After thinking a bit more I realized that (i) what this person was calling as the friend mode was how they felt when they talked to me in person and (ii) what they were calling work mode was how they felt when they talked to me on chat.

At Facebook we do a lot of work on chat and constantly have 10s of chat threads that are live through the course of the day. I noticed three patterns in my chat communication style:

  1. Replying in Short Phrases: When someone pinged me on chat I would give a short response right away to unblock them and go back to the work I was previously doing. People on the other end would feel I was cold / terse, ordering them around, didn't provide context / explanation, didn't care about their opinions etc even though none of those were my true intentions.

  2. Impatient “Tone”: Sometimes I would be in flow state and people would want to discuss a topic that needs deeper thinking. I would engage in the conversation but my "tone" could be perceived as impatient since I was anxious to get back to the deep work I was doing.

  3. Debates on Chat: Since I thought a lot of work gets done via chat, I would continue to debate deep topics on chat.
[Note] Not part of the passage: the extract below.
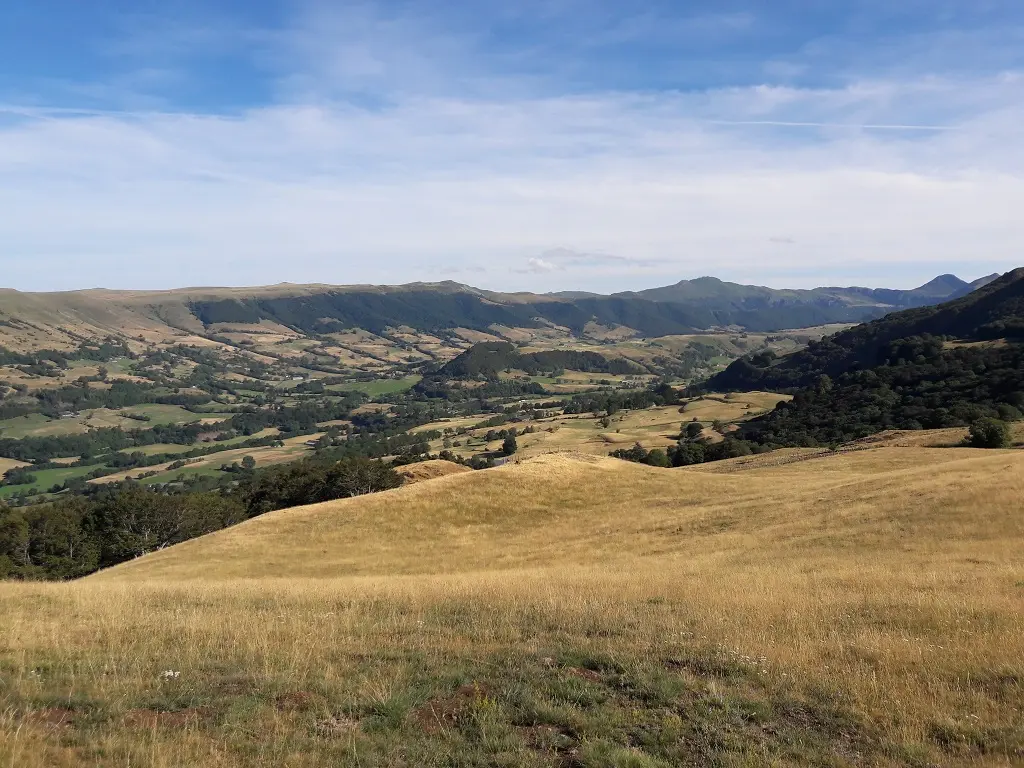 Vue depuis la font sainte dans le cantal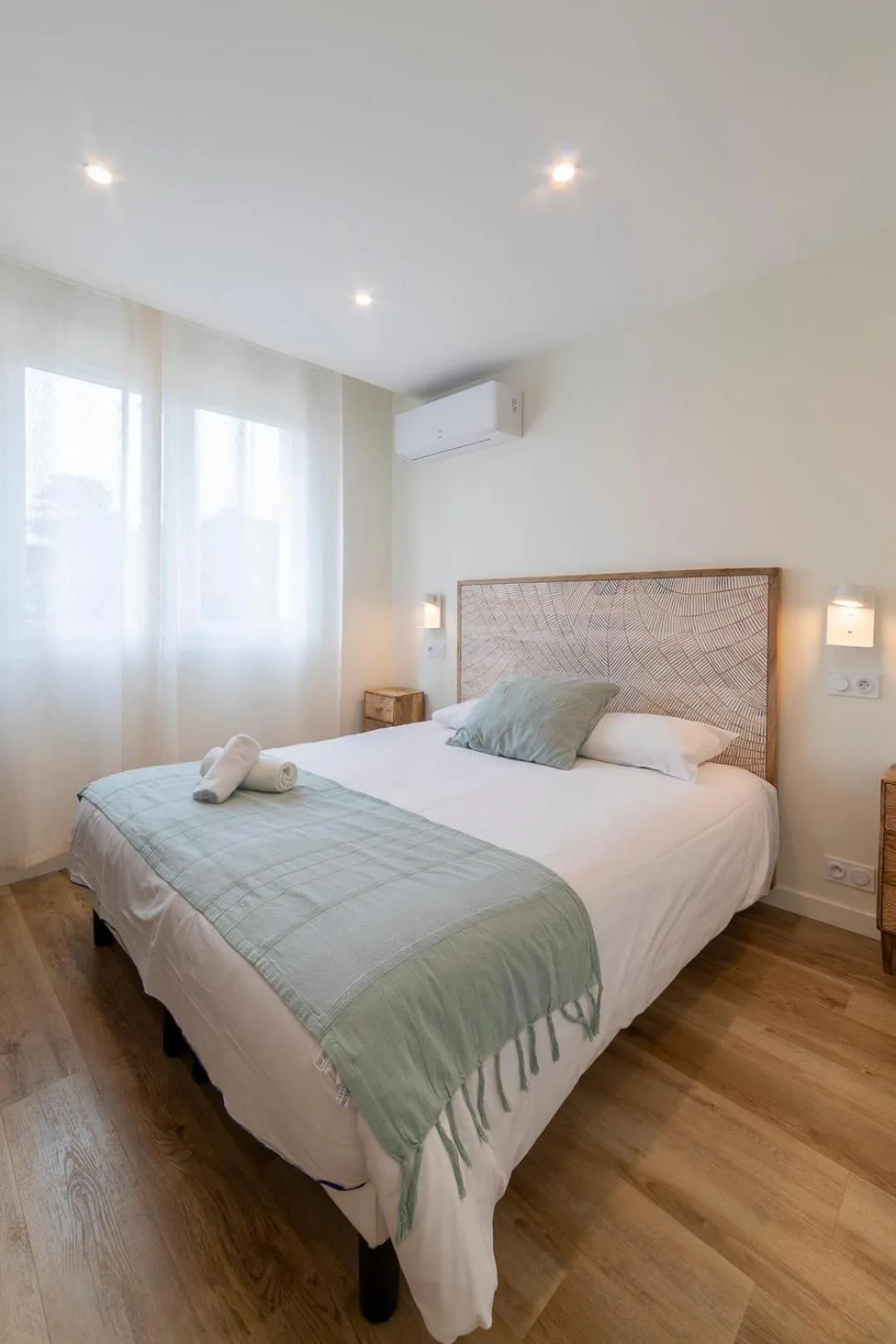 Bedroom, Bed in Cit'Hotel Imperial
Sometimes people on the other end would be impatient to get back to their work and perceive my conversation as being pushy or unnecessarily contentious. In these cases, the mood / state of the other person was impacting how they perceived my actions, but I had no visibility into them until it was too late. I was thinking "Oh this is a great debate" and the other person was thinking "This is annoying".

Identifying these patterns helped me turn my chat communication around and bring it in line with my in-person communication.

What do I do now?

  1. Treat a chat thread as an in-person conversation: If someone stopped at my desk, I would have a bright smile and share pleasantries with them. I try to do a light weight version of it on chat, as well. I check how people are doing, express gratitude for what they do for the team, follow up on their life etc before / after the work of the conversation.

  2. 100% in or 100% out: I only respond to a message if I can give it 100% attention and time to write a thoughtful response. Sometimes it just takes a couple of minutes of focus, so I do it right away. Other times, I let people know that I will circle back. I don't say anything without explaining my rationale for it. It is easy to be misunderstood on chat, so extreme clarity becomes even more important.

  3. Read for tone before hitting send: After I type a message, I read my message for tone to make sure that it will land well on the other person and have the desired emotional response.

  4. Switch to richer communication formats after a few messages: If a chat debate goes beyond a few back and forths, I get on a VC, setup a meeting, or ask to start/share a document to collaborate async. Since a majority of communication happens via non-verbal communication having higher stakes discussions on VC or async helped have smoother discussions.

These changes got my chat personality much closer to who I am in person!